There are several intended uses for this API:
- When the client first starts and has no PID it will issue a lease_pid_request with the pid field set to -1 for each partition it wishes to produce to. The server will respond with a unique pid a random starting generation and sequence number set to 0.
- The client will be responsible for leasing a new pid before the expire time is reached
One detail that must be carefully thought through is the expiration of pids. The simplest solution that one might think of is tieing pids to connections so we could automatically deallocate them when the connection is broken. This doesn't really work, though as the pids must survive disconnection (indeed that is their primary point).

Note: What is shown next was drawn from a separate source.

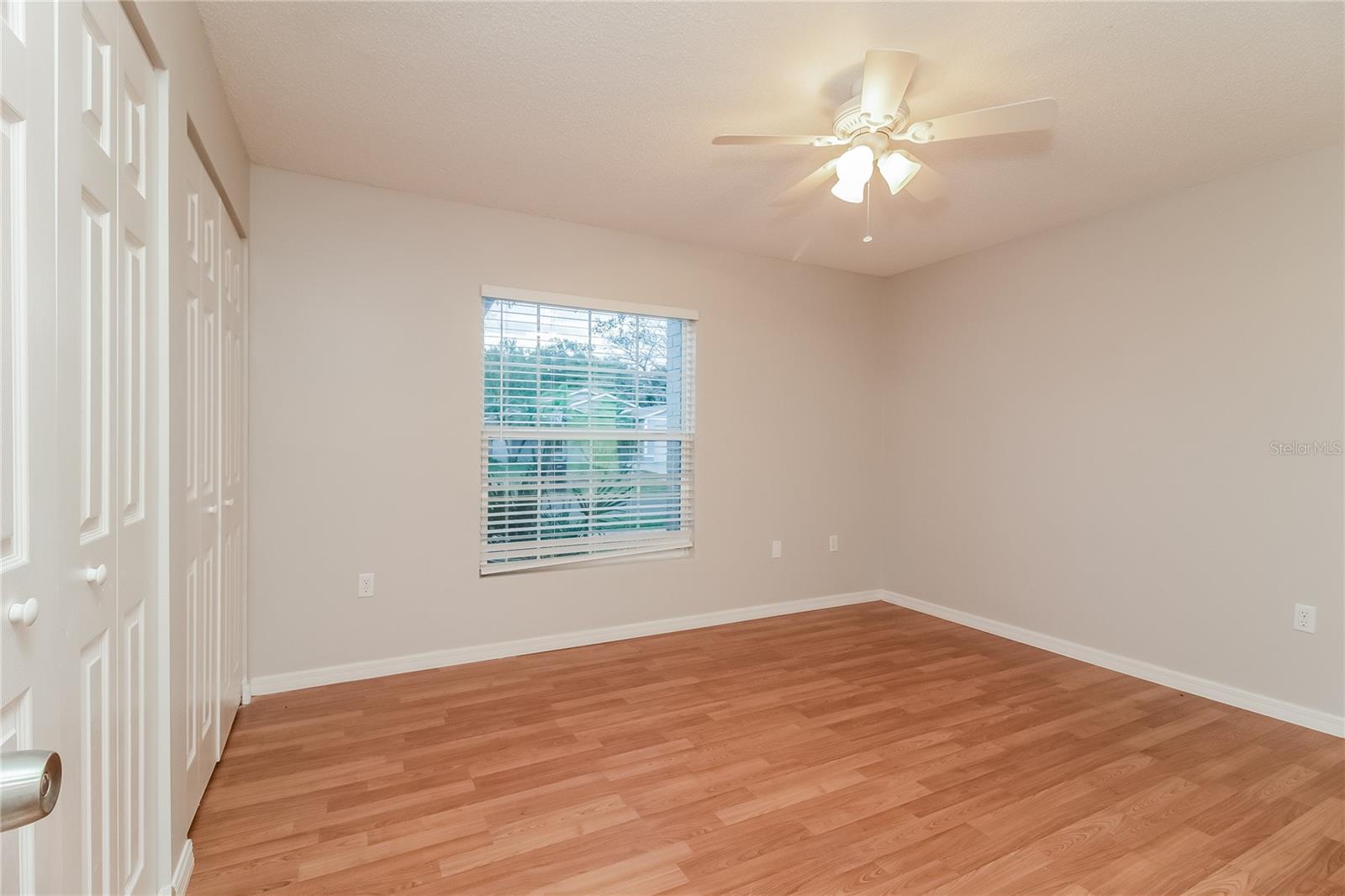 LAKEVIEW VILLAGE SEC L UNI - Residential Lease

Instead this proposal assumes the cluster will have some fixed lifetime for pids from the point of issuance after which a pid is available for reuse. It would also be possible to allow clients to define custom expirations in their lease_pid request but that would require a more complex implementation as all replications would have to know about each expiration. The server will issue pids approximately in order so reuse will only actually occur after 4 billion pids have been issued.
Each server will allocate pids monotonically so if PID N is expired then so is PID M for M > N. This means we can just keep a simple array/list of pid-entries, new entries are added to one end and expired from the other and lookup is just based on binary search. Servers will maintain a fixed amount of memory for pids by making the pid array of fixed size and use it as a circular buffer.

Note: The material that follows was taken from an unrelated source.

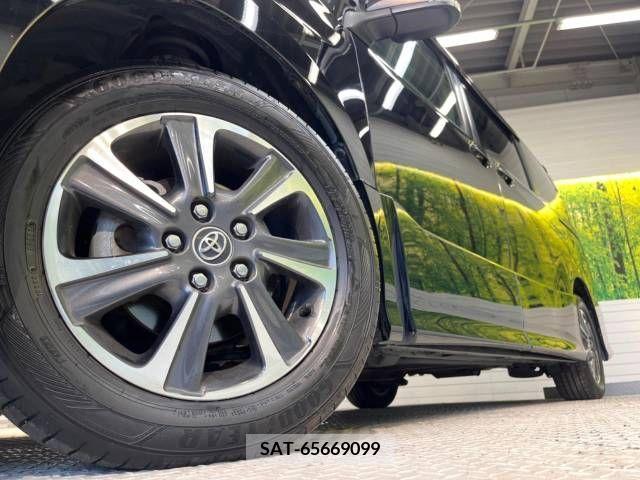 Toyota VOXY 2017-11 288857-14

Both leader and followers will maintain this structure. They will periodically snapshot it to disk along with the current offset vector for all partitions they maintain. In the event of a crash they will use this snapshot and offsets to restore from the logs.
Note that the map is updated only by produce requests, the lease_pid request does not change it! The reason for this is to ensure that all data is in the replicated logs and we don't need a second replicated structure. Nonetheless we need to ensure that if a server issues a pid and then fails before any message is produced that pid can't be issued again for that topic/partition by whichever follower takes over even though those followers won't have an entry for it in their maps. To ensure this we will use a global zookeeper sequence to issue pids. For efficiency servers can increment by 100 pids at a time and then not allocate again until they have used these up (this may waste some pids when servers crash, but that is fine).

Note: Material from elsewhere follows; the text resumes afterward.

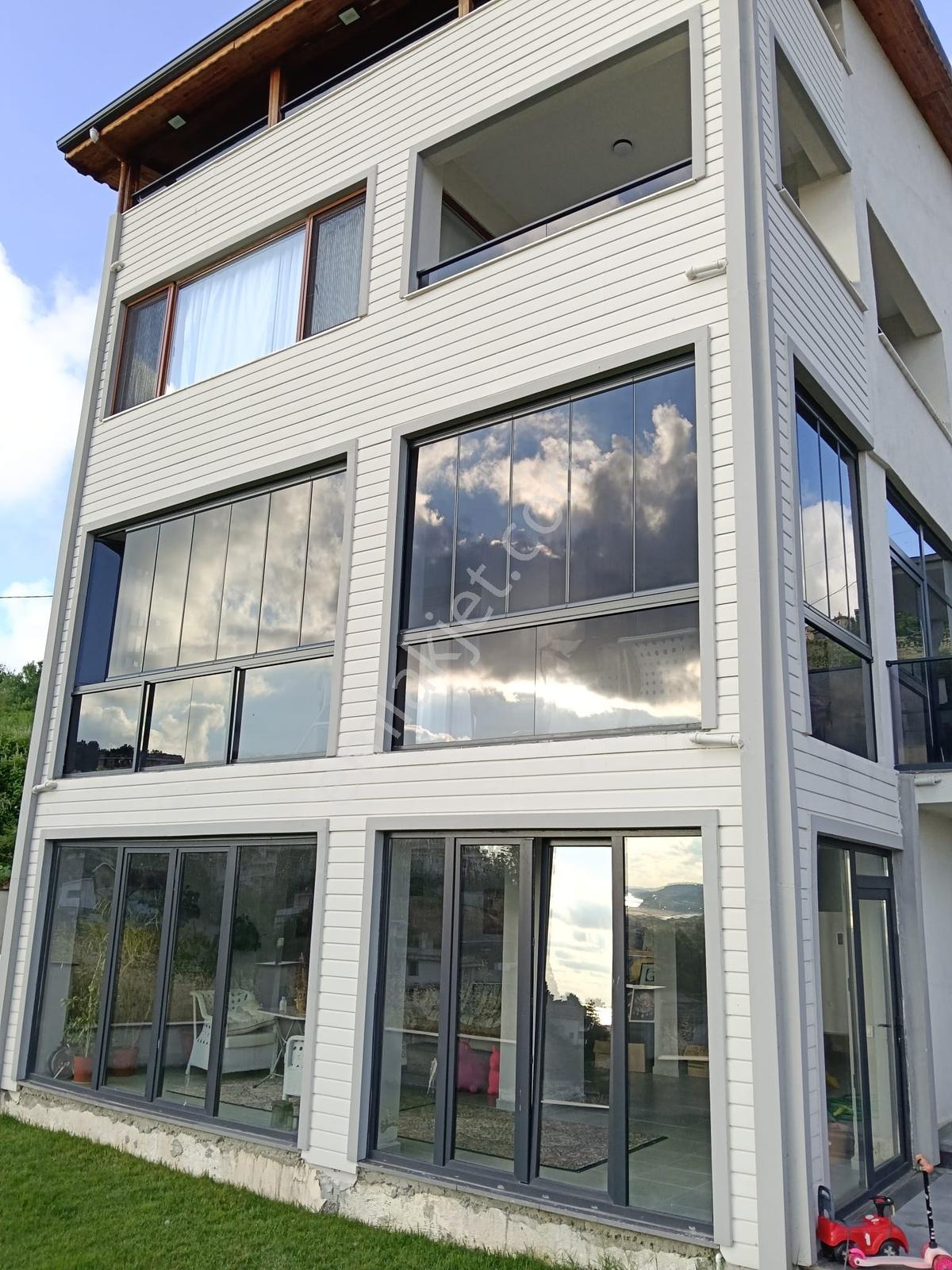 Çavuşta Süper Manzaralı Ve Dekorasyonlu 425m2 6+2 Satılık Villa - Görsel 9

Note that the expiration is only approximate as it is based on the time a server sees the first message for a partition. However it is only required that the server guarantee at least that much time, so retaining pids longer is okay. This means the followers can use arrival time (though arrival on followers will be slightly older than on the leader). In the event of a full data restore the circular buffer of pid entries will be full and all will have full expiration time restored.
The general deduplication will happen automatically in the producer. It should be cheap and easy enough to enable by default.
To integrate this in tools like mirror maker and samza that chain producers and consumers we will need to be able to save the PID and sequence number of a producer. We can do this by including this in the response returned by the producer.
The producer will need a config to set it's initial PID, sequence number, and generation at initialization time.
We may want to consider extending the OffsetCommit request to also store these fields.